___ Given data ___

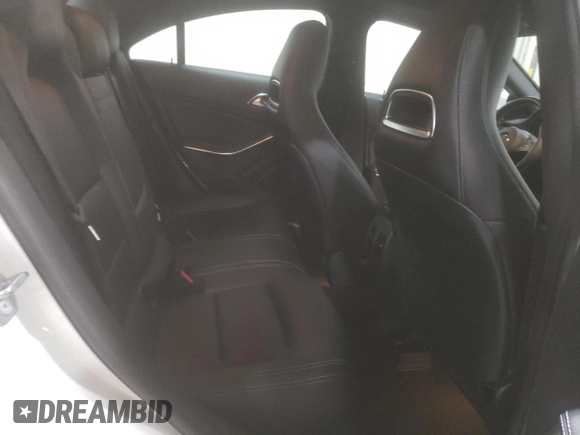 2018 Mercedes-Benz CLA 250 with VIN WDDSJ4GB2JN631802, listed as a Copart auction lot 66105123 with 28,093 mi miles and . Bid and sale history available at DreamBid. Image 10.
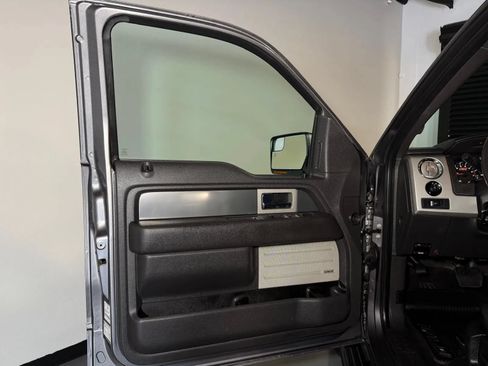 Used 2013 Ford F150 FX4 w/ Luxury Equipment Group AWD/4WD image 22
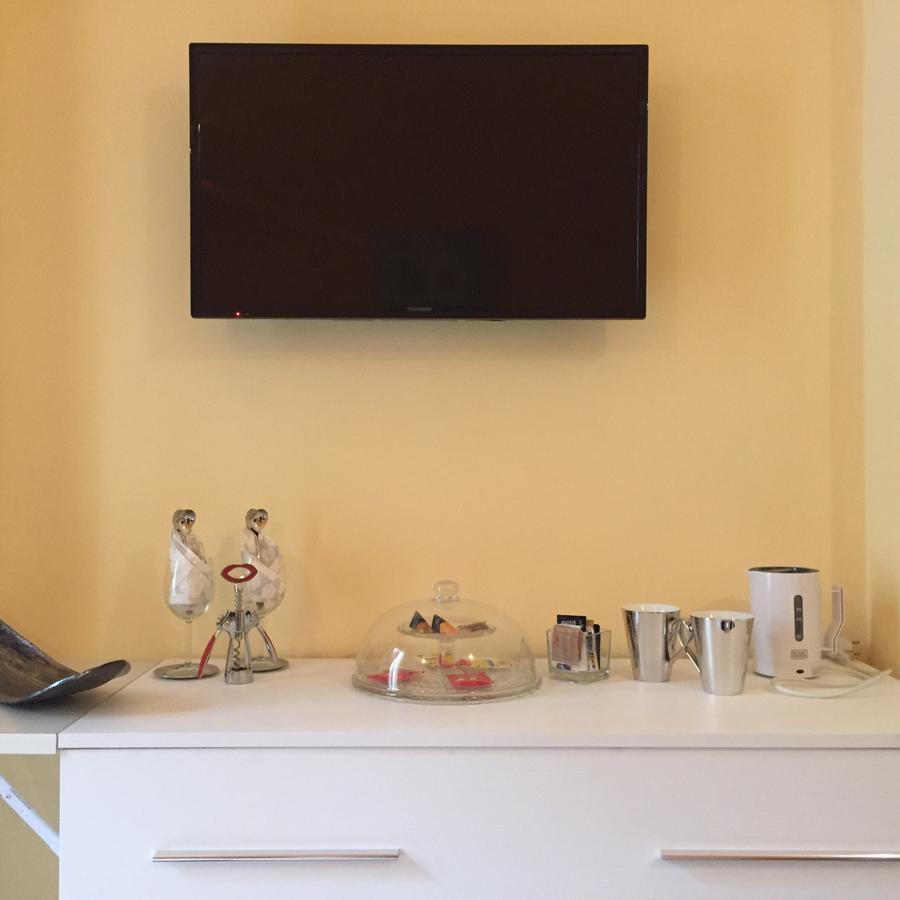 B&B L'Incrocio Salerno Exteriér fotografie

___

Problem requirements >>
Print the listing word for word but skip its pictures.

Output of the exercise >>
 2018 Mercedes-Benz CLA 250 with VIN WDDSJ4GB2JN631802, listed as a Copart auction lot 66105123 with 28,093 mi miles and . Bid and sale history available at DreamBid. Image 10.
 Used 2013 Ford F150 FX4 w/ Luxury Equipment Group AWD/4WD image 22
 B&B L'Incrocio Salerno Exteriér fotografie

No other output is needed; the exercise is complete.